§ **Task statement**
Present the following data again exactly as it is shown.

§ **Input data**












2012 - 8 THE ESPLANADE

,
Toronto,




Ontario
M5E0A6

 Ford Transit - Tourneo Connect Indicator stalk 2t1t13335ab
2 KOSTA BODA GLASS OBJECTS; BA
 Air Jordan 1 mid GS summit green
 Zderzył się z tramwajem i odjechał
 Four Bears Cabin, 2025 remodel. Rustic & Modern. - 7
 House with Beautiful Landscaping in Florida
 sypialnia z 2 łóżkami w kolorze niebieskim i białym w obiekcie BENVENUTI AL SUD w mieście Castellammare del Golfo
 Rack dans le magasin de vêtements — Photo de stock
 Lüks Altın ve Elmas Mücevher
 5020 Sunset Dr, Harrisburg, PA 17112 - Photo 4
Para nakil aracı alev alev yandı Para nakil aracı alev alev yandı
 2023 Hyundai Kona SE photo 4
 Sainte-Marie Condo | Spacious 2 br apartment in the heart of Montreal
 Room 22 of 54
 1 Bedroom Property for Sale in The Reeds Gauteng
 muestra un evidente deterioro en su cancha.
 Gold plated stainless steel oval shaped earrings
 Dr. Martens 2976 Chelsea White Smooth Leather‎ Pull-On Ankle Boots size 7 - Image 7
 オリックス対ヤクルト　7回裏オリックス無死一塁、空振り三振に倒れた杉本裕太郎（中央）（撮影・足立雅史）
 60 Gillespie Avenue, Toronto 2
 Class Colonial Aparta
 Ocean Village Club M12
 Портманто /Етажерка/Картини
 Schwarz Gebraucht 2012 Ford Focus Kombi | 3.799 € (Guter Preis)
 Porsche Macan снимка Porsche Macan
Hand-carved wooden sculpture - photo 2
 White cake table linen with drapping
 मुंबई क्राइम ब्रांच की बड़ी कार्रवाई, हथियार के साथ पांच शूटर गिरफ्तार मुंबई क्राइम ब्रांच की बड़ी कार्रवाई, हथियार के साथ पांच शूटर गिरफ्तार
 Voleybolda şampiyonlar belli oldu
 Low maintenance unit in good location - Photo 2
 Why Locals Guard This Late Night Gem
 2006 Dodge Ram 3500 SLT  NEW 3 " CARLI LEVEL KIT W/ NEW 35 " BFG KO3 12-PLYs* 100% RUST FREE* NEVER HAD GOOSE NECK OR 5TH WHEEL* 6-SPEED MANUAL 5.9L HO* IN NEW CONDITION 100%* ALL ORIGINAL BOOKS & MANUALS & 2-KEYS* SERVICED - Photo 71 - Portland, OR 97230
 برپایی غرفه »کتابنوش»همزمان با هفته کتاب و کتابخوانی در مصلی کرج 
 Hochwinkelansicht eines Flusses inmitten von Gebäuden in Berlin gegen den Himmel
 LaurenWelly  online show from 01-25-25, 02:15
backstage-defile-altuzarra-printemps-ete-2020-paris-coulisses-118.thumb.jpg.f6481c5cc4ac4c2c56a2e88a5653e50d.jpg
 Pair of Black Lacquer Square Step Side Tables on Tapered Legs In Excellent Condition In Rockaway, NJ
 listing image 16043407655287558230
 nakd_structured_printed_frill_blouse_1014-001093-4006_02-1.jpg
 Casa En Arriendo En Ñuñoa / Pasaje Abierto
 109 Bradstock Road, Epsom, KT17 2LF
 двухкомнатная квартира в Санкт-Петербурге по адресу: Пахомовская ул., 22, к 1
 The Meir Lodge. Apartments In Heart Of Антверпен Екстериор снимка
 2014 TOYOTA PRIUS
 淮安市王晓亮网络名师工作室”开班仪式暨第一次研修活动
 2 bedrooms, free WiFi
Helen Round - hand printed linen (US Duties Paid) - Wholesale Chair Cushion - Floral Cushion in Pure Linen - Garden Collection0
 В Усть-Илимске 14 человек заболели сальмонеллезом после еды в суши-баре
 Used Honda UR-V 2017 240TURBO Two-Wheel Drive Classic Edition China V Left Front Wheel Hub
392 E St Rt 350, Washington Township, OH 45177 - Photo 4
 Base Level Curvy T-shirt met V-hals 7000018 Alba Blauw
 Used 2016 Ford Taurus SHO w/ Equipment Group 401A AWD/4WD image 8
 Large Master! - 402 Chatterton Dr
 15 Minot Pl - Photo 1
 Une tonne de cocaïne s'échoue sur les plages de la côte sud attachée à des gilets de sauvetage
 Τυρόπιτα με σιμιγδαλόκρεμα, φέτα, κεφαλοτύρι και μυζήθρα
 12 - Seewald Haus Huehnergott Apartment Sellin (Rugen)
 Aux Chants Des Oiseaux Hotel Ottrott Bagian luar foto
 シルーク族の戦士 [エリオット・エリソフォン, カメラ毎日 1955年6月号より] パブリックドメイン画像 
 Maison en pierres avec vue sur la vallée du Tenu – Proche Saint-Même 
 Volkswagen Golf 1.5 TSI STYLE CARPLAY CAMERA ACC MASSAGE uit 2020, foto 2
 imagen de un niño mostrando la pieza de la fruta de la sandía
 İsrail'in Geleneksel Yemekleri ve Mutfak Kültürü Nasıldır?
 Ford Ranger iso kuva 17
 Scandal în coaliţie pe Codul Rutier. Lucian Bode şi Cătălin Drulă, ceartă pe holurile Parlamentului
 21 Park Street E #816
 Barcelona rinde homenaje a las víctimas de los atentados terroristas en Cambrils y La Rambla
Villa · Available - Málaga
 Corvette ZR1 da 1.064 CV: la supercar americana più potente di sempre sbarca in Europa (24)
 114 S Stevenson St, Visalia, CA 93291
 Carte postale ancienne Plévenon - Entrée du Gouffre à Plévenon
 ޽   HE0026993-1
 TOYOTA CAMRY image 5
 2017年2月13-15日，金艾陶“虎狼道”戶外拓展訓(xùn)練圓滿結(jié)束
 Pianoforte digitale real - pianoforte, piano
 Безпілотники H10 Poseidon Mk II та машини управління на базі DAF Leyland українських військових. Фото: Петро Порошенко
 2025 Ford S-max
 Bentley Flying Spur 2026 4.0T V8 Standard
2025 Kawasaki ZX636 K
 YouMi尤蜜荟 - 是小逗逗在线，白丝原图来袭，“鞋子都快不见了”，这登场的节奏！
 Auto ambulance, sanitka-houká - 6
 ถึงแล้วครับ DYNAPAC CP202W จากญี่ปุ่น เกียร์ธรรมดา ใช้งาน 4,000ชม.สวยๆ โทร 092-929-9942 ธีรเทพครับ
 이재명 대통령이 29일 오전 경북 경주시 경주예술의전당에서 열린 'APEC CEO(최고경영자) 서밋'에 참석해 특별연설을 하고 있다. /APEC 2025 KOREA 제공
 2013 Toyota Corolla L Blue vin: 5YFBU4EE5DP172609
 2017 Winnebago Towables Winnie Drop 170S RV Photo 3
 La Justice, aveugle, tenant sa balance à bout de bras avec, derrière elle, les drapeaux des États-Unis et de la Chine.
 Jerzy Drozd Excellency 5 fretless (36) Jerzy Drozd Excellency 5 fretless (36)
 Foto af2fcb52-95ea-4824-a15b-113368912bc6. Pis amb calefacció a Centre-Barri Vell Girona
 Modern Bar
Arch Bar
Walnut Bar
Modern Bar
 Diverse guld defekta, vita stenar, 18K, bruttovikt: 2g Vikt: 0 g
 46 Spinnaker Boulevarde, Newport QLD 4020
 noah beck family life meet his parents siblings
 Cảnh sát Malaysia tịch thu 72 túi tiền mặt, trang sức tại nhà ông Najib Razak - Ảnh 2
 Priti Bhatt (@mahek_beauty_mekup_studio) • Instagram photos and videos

§ **Task solution**
2012 - 8 THE ESPLANADE

,
Toronto,




Ontario
M5E0A6

 Ford Transit - Tourneo Connect Indicator stalk 2t1t13335ab
2 KOSTA BODA GLASS OBJECTS; BA
 Air Jordan 1 mid GS summit green
 Zderzył się z tramwajem i odjechał
 Four Bears Cabin, 2025 remodel. Rustic & Modern. - 7
 House with Beautiful Landscaping in Florida
 sypialnia z 2 łóżkami w kolorze niebieskim i białym w obiekcie BENVENUTI AL SUD w mieście Castellammare del Golfo
 Rack dans le magasin de vêtements — Photo de stock
 Lüks Altın ve Elmas Mücevher
 5020 Sunset Dr, Harrisburg, PA 17112 - Photo 4
Para nakil aracı alev alev yandı Para nakil aracı alev alev yandı
 2023 Hyundai Kona SE photo 4
 Sainte-Marie Condo | Spacious 2 br apartment in the heart of Montreal
 Room 22 of 54
 1 Bedroom Property for Sale in The Reeds Gauteng
 muestra un evidente deterioro en su cancha.
 Gold plated stainless steel oval shaped earrings
 Dr. Martens 2976 Chelsea White Smooth Leather‎ Pull-On Ankle Boots size 7 - Image 7
 オリックス対ヤクルト　7回裏オリックス無死一塁、空振り三振に倒れた杉本裕太郎（中央）（撮影・足立雅史）
 60 Gillespie Avenue, Toronto 2
 Class Colonial Aparta
 Ocean Village Club M12
 Портманто /Етажерка/Картини
 Schwarz Gebraucht 2012 Ford Focus Kombi | 3.799 € (Guter Preis)
 Porsche Macan снимка Porsche Macan
Hand-carved wooden sculpture - photo 2
 White cake table linen with drapping
 मुंबई क्राइम ब्रांच की बड़ी कार्रवाई, हथियार के साथ पांच शूटर गिरफ्तार मुंबई क्राइम ब्रांच की बड़ी कार्रवाई, हथियार के साथ पांच शूटर गिरफ्तार
 Voleybolda şampiyonlar belli oldu
 Low maintenance unit in good location - Photo 2
 Why Locals Guard This Late Night Gem
 2006 Dodge Ram 3500 SLT  NEW 3 " CARLI LEVEL KIT W/ NEW 35 " BFG KO3 12-PLYs* 100% RUST FREE* NEVER HAD GOOSE NECK OR 5TH WHEEL* 6-SPEED MANUAL 5.9L HO* IN NEW CONDITION 100%* ALL ORIGINAL BOOKS & MANUALS & 2-KEYS* SERVICED - Photo 71 - Portland, OR 97230
 برپایی غرفه »کتابنوش»همزمان با هفته کتاب و کتابخوانی در مصلی کرج 
 Hochwinkelansicht eines Flusses inmitten von Gebäuden in Berlin gegen den Himmel
 LaurenWelly  online show from 01-25-25, 02:15
backstage-defile-altuzarra-printemps-ete-2020-paris-coulisses-118.thumb.jpg.f6481c5cc4ac4c2c56a2e88a5653e50d.jpg
 Pair of Black Lacquer Square Step Side Tables on Tapered Legs In Excellent Condition In Rockaway, NJ
 listing image 16043407655287558230
 nakd_structured_printed_frill_blouse_1014-001093-4006_02-1.jpg
 Casa En Arriendo En Ñuñoa / Pasaje Abierto
 109 Bradstock Road, Epsom, KT17 2LF
 двухкомнатная квартира в Санкт-Петербурге по адресу: Пахомовская ул., 22, к 1
 The Meir Lodge. Apartments In Heart Of Антверпен Екстериор снимка
 2014 TOYOTA PRIUS
 淮安市王晓亮网络名师工作室”开班仪式暨第一次研修活动
 2 bedrooms, free WiFi
Helen Round - hand printed linen (US Duties Paid) - Wholesale Chair Cushion - Floral Cushion in Pure Linen - Garden Collection0
 В Усть-Илимске 14 человек заболели сальмонеллезом после еды в суши-баре
 Used Honda UR-V 2017 240TURBO Two-Wheel Drive Classic Edition China V Left Front Wheel Hub
392 E St Rt 350, Washington Township, OH 45177 - Photo 4
 Base Level Curvy T-shirt met V-hals 7000018 Alba Blauw
 Used 2016 Ford Taurus SHO w/ Equipment Group 401A AWD/4WD image 8
 Large Master! - 402 Chatterton Dr
 15 Minot Pl - Photo 1
 Une tonne de cocaïne s'échoue sur les plages de la côte sud attachée à des gilets de sauvetage
 Τυρόπιτα με σιμιγδαλόκρεμα, φέτα, κεφαλοτύρι και μυζήθρα
 12 - Seewald Haus Huehnergott Apartment Sellin (Rugen)
 Aux Chants Des Oiseaux Hotel Ottrott Bagian luar foto
 シルーク族の戦士 [エリオット・エリソフォン, カメラ毎日 1955年6月号より] パブリックドメイン画像 
 Maison en pierres avec vue sur la vallée du Tenu – Proche Saint-Même 
 Volkswagen Golf 1.5 TSI STYLE CARPLAY CAMERA ACC MASSAGE uit 2020, foto 2
 imagen de un niño mostrando la pieza de la fruta de la sandía
 İsrail'in Geleneksel Yemekleri ve Mutfak Kültürü Nasıldır?
 Ford Ranger iso kuva 17
 Scandal în coaliţie pe Codul Rutier. Lucian Bode şi Cătălin Drulă, ceartă pe holurile Parlamentului
 21 Park Street E #816
 Barcelona rinde homenaje a las víctimas de los atentados terroristas en Cambrils y La Rambla
Villa · Available - Málaga
 Corvette ZR1 da 1.064 CV: la supercar americana più potente di sempre sbarca in Europa (24)
 114 S Stevenson St, Visalia, CA 93291
 Carte postale ancienne Plévenon - Entrée du Gouffre à Plévenon
 ޽   HE0026993-1
 TOYOTA CAMRY image 5
 2017年2月13-15日，金艾陶“虎狼道”戶外拓展訓(xùn)練圓滿結(jié)束
 Pianoforte digitale real - pianoforte, piano
 Безпілотники H10 Poseidon Mk II та машини управління на базі DAF Leyland українських військових. Фото: Петро Порошенко
 2025 Ford S-max
 Bentley Flying Spur 2026 4.0T V8 Standard
2025 Kawasaki ZX636 K
 YouMi尤蜜荟 - 是小逗逗在线，白丝原图来袭，“鞋子都快不见了”，这登场的节奏！
 Auto ambulance, sanitka-houká - 6
 ถึงแล้วครับ DYNAPAC CP202W จากญี่ปุ่น เกียร์ธรรมดา ใช้งาน 4,000ชม.สวยๆ โทร 092-929-9942 ธีรเทพครับ
 이재명 대통령이 29일 오전 경북 경주시 경주예술의전당에서 열린 'APEC CEO(최고경영자) 서밋'에 참석해 특별연설을 하고 있다. /APEC 2025 KOREA 제공
 2013 Toyota Corolla L Blue vin: 5YFBU4EE5DP172609
 2017 Winnebago Towables Winnie Drop 170S RV Photo 3
 La Justice, aveugle, tenant sa balance à bout de bras avec, derrière elle, les drapeaux des États-Unis et de la Chine.
 Jerzy Drozd Excellency 5 fretless (36) Jerzy Drozd Excellency 5 fretless (36)
 Foto af2fcb52-95ea-4824-a15b-113368912bc6. Pis amb calefacció a Centre-Barri Vell Girona
 Modern Bar
Arch Bar
Walnut Bar
Modern Bar
 Diverse guld defekta, vita stenar, 18K, bruttovikt: 2g Vikt: 0 g
 46 Spinnaker Boulevarde, Newport QLD 4020
 noah beck family life meet his parents siblings
 Cảnh sát Malaysia tịch thu 72 túi tiền mặt, trang sức tại nhà ông Najib Razak - Ảnh 2
 Priti Bhatt (@mahek_beauty_mekup_studio) • Instagram photos and videos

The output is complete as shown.